Pandemonium broke out as every predator in the pack went wild. Ron Mark wanted to know whether the Minister included same-sex partners in his 'sex in prison' philosophy and whether we could expect to end up with “two men and their adopted children sharing the confines of a private room, in prison, having sex?”

Richard Prebble, noting the Minister’s comment that some prisoners might simply have a cuddle and a glass of milk in mind, wanted to know whether “cuddles, milk, and sex are to be part of New Zealand’s prison policy” and if so, “what happened to punishment for crime?”
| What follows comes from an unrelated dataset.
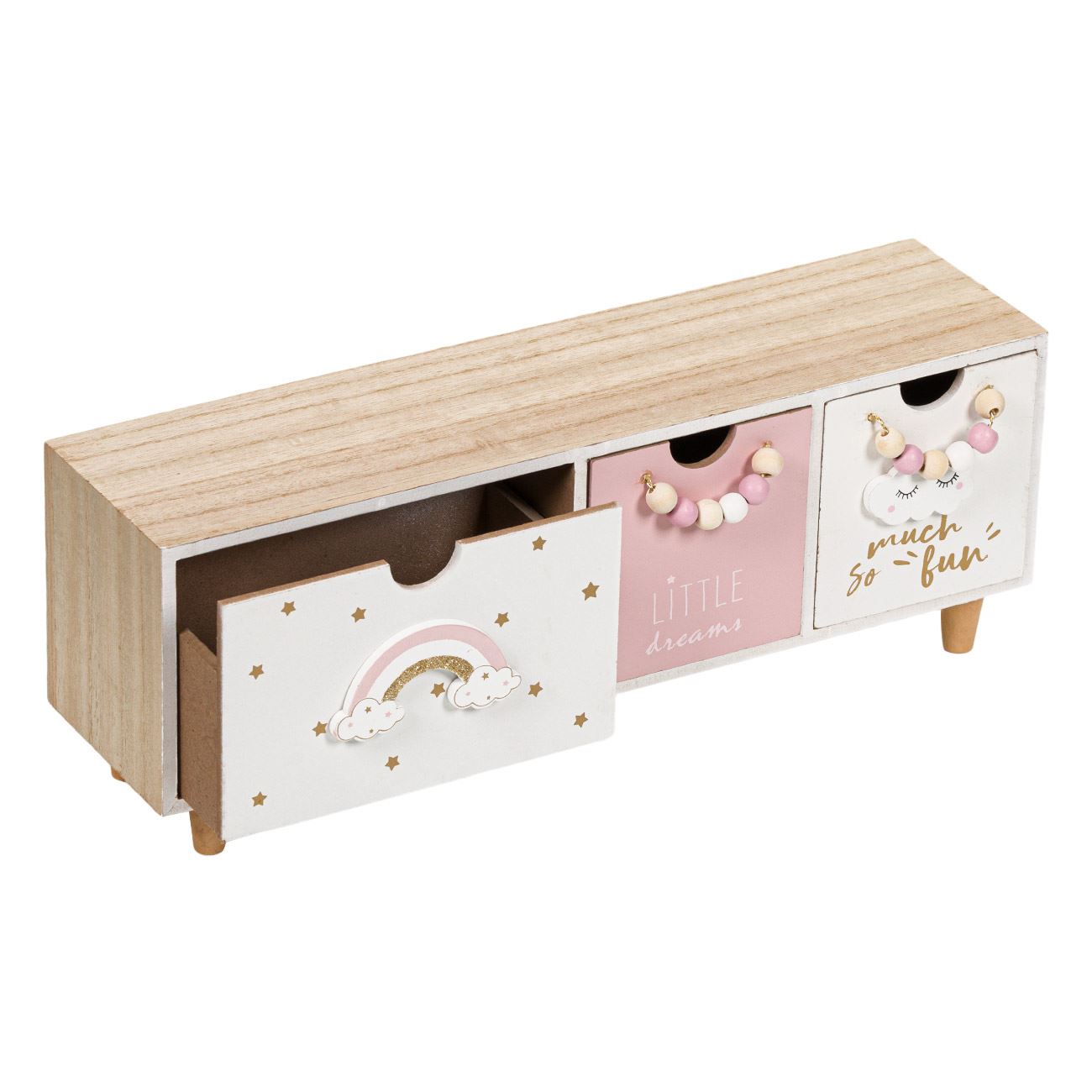 Cutie din lemn cu model, Cali, 3 sertare, 39.5×14.5×10 cm, Rainbow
A number of members helpfully suggested that the punishment probably had something to do with the milk not being warmed.

Not even the Minister’s friends could awaken the stubborn sleeping neurons that refused to recognise the incoming attack. Grant Gillon rather desperately asked whether the issue of conjugal visits to prisoners was Alliance or Government policy? Cringing Labour members couldn’t work out which alternative would be worse.

But it didn’t matter – the Minister calmly explained again that it was all part of his on-going research. In fact he couldn’t be shaken and he was going to stand on a pile of text books and doctoral theses while he was eaten alive. There were overtones of early Christendom with martyrs being fed to hungry lions. This is how the socialist pantheon acquires its new busts. It will already have been ordered.

The pack couldn’t resist carrying the attack to the Minister of Justice, Phil Goff, as well. Goff’s ability to interpret incoming data on voter perception is wholly unimpaired. Indeed, he has spent the last six years cultivating a 'get tough with crims' persona. Never in his wildest dreams did he think he would find himself being asked by Tony Ryall whether he supported “sex in prisons or toddlers behind bars”.

Only Nandor Tanczos rushed to the side of the gory corpse. Fortunately for him, the carnivores weren’t particularly aroused by talk of `genuinely victim-centred restorative justice’ and `dysfunctional adversarial systems’. The banquet was quite tasty enough without him. But he too can become irresistible if he can talk about it all in terms of some good old-fashioned pheromones.